The problem: Reproduce the opening lines of the records exactly, up to and including the line in which "Джинсовая куртка,пиджак на мальчика 3-4 года" occurs.

START Dataset content

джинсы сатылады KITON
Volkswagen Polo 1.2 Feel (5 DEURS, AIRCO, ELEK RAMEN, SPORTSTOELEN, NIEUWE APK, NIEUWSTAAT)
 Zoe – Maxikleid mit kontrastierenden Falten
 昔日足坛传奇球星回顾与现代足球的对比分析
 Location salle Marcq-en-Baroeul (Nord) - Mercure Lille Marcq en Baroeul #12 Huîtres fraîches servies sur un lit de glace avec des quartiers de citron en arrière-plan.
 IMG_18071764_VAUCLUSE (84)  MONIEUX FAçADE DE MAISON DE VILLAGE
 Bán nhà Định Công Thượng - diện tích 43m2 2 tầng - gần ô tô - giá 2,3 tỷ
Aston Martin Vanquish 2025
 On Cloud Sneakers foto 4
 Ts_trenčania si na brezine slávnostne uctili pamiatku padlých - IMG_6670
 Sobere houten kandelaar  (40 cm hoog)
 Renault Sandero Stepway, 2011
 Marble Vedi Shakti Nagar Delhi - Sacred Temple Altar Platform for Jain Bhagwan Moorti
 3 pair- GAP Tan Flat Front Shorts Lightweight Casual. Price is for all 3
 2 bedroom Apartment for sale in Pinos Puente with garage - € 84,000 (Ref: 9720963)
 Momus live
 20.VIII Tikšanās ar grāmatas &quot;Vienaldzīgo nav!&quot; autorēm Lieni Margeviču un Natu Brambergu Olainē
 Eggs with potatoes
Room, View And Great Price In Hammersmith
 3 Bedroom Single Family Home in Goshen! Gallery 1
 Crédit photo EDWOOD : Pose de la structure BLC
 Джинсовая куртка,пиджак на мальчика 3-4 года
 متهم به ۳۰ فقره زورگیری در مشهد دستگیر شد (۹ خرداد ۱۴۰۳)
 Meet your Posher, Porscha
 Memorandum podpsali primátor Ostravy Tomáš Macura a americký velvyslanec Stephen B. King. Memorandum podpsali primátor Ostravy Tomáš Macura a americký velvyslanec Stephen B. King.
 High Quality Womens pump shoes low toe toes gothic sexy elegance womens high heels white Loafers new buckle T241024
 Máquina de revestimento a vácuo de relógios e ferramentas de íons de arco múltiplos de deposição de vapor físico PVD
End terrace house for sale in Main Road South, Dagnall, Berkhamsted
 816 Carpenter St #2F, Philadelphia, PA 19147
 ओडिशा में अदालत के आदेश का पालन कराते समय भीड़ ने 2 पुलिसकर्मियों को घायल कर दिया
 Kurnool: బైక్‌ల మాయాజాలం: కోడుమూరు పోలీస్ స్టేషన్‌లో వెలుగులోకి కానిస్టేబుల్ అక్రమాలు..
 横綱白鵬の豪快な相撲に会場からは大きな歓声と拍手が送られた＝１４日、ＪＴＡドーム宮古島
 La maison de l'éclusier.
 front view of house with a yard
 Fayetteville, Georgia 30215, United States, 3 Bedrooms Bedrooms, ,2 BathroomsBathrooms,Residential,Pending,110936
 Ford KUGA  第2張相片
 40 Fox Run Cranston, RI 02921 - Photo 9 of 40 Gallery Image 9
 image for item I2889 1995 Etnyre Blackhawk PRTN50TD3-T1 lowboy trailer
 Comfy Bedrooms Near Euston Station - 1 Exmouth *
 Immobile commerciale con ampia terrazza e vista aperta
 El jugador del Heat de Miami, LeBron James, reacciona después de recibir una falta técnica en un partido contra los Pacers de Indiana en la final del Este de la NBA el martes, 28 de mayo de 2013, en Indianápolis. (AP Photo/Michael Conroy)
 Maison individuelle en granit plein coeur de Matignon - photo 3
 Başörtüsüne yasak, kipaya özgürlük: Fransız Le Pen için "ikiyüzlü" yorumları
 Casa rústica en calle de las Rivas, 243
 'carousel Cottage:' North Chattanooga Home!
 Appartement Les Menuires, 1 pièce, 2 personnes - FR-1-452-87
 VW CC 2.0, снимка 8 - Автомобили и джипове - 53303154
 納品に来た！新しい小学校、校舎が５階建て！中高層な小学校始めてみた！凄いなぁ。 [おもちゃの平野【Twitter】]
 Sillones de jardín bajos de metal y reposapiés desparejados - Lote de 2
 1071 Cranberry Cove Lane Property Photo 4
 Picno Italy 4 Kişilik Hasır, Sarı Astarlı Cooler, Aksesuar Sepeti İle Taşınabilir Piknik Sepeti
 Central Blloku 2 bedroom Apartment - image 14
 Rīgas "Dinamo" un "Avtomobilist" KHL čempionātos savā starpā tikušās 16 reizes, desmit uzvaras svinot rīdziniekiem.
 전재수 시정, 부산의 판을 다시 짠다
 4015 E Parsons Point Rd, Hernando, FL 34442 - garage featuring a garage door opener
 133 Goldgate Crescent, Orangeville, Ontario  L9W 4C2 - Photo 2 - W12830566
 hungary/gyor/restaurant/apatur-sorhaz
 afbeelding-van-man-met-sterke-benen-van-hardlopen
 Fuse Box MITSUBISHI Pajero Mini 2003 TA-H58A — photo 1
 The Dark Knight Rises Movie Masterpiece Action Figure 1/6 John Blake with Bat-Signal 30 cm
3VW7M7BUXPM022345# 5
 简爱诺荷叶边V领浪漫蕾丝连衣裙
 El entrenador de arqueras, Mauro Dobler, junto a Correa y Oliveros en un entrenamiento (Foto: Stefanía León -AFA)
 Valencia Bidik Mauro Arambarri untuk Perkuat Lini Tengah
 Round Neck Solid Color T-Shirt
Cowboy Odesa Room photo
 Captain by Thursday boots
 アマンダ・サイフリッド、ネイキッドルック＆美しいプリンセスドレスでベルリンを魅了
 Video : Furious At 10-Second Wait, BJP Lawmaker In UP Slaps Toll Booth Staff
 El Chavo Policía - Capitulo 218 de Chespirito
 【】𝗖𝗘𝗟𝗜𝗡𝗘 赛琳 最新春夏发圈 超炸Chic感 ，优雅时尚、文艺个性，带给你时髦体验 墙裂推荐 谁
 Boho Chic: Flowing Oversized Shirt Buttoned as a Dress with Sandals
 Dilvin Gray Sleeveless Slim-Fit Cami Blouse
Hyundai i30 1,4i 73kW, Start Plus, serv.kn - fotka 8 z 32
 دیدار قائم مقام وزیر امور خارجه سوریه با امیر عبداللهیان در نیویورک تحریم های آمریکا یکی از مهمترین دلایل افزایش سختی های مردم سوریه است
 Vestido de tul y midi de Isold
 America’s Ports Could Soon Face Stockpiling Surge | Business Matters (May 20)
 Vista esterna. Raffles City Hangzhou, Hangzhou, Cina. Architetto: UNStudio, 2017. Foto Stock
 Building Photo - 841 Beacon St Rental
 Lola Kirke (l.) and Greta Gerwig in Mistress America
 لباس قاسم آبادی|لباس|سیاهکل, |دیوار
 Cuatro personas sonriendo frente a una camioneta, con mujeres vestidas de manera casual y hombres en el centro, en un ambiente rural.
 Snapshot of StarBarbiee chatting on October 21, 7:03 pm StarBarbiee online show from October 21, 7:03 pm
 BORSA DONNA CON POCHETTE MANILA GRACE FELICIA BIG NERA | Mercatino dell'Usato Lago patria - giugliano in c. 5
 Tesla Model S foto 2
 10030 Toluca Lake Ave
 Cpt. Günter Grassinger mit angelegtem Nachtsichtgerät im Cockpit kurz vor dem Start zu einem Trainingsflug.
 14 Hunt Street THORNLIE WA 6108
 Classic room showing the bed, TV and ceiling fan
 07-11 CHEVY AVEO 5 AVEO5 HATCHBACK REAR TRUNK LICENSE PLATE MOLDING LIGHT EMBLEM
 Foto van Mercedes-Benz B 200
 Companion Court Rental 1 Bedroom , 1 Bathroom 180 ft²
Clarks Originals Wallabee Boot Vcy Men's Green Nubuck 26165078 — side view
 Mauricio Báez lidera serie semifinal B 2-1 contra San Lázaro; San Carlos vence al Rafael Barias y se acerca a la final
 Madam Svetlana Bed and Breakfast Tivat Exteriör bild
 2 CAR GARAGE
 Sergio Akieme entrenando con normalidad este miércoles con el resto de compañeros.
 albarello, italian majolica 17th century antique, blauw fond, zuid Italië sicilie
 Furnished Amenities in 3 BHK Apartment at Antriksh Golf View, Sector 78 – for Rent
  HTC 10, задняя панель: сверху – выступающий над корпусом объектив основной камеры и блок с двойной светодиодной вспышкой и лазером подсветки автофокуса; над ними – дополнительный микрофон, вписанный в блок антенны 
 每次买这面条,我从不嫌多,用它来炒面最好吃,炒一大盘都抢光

END Dataset content

Answer for this exercise:
джинсы сатылады KITON
Volkswagen Polo 1.2 Feel (5 DEURS, AIRCO, ELEK RAMEN, SPORTSTOELEN, NIEUWE APK, NIEUWSTAAT)
 Zoe – Maxikleid mit kontrastierenden Falten
 昔日足坛传奇球星回顾与现代足球的对比分析
 Location salle Marcq-en-Baroeul (Nord) - Mercure Lille Marcq en Baroeul #12 Huîtres fraîches servies sur un lit de glace avec des quartiers de citron en arrière-plan.
 IMG_18071764_VAUCLUSE (84)  MONIEUX FAçADE DE MAISON DE VILLAGE
 Bán nhà Định Công Thượng - diện tích 43m2 2 tầng - gần ô tô - giá 2,3 tỷ
Aston Martin Vanquish 2025
 On Cloud Sneakers foto 4
 Ts_trenčania si na brezine slávnostne uctili pamiatku padlých - IMG_6670
 Sobere houten kandelaar  (40 cm hoog)
 Renault Sandero Stepway, 2011
 Marble Vedi Shakti Nagar Delhi - Sacred Temple Altar Platform for Jain Bhagwan Moorti
 3 pair- GAP Tan Flat Front Shorts Lightweight Casual. Price is for all 3
 2 bedroom Apartment for sale in Pinos Puente with garage - € 84,000 (Ref: 9720963)
 Momus live
 20.VIII Tikšanās ar grāmatas &quot;Vienaldzīgo nav!&quot; autorēm Lieni Margeviču un Natu Brambergu Olainē
 Eggs with potatoes
Room, View And Great Price In Hammersmith
 3 Bedroom Single Family Home in Goshen! Gallery 1
 Crédit photo EDWOOD : Pose de la structure BLC
 Джинсовая куртка,пиджак на мальчика 3-4 года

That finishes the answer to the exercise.